Directions for this task: Once you have read the data below, please repeat all of it exactly.

[Items from a data source]
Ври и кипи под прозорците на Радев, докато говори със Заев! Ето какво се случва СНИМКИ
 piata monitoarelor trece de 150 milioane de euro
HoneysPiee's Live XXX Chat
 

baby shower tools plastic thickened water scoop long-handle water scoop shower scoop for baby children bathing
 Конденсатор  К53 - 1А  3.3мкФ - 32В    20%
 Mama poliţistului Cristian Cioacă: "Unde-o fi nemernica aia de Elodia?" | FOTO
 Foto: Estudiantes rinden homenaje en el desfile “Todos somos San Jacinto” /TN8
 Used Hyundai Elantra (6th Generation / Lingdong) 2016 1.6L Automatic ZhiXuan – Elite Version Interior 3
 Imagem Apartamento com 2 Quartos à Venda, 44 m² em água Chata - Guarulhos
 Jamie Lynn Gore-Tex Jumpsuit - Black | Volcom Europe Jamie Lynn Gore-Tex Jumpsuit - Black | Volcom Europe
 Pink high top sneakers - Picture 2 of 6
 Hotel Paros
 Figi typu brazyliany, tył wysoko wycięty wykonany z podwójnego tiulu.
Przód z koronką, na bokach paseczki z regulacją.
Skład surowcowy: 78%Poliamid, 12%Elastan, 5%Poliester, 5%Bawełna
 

Answer for this exercise:
Ври и кипи под прозорците на Радев, докато говори със Заев! Ето какво се случва СНИМКИ
 piata monitoarelor trece de 150 milioane de euro
HoneysPiee's Live XXX Chat
 

baby shower tools plastic thickened water scoop long-handle water scoop shower scoop for baby children bathing
 Конденсатор  К53 - 1А  3.3мкФ - 32В    20%
 Mama poliţistului Cristian Cioacă: "Unde-o fi nemernica aia de Elodia?" | FOTO
 Foto: Estudiantes rinden homenaje en el desfile “Todos somos San Jacinto” /TN8
 Used Hyundai Elantra (6th Generation / Lingdong) 2016 1.6L Automatic ZhiXuan – Elite Version Interior 3
 Imagem Apartamento com 2 Quartos à Venda, 44 m² em água Chata - Guarulhos
 Jamie Lynn Gore-Tex Jumpsuit - Black | Volcom Europe Jamie Lynn Gore-Tex Jumpsuit - Black | Volcom Europe
 Pink high top sneakers - Picture 2 of 6
 Hotel Paros
 Figi typu brazyliany, tył wysoko wycięty wykonany z podwójnego tiulu.
Przód z koronką, na bokach paseczki z regulacją.
Skład surowcowy: 78%Poliamid, 12%Elastan, 5%Poliester, 5%Bawełna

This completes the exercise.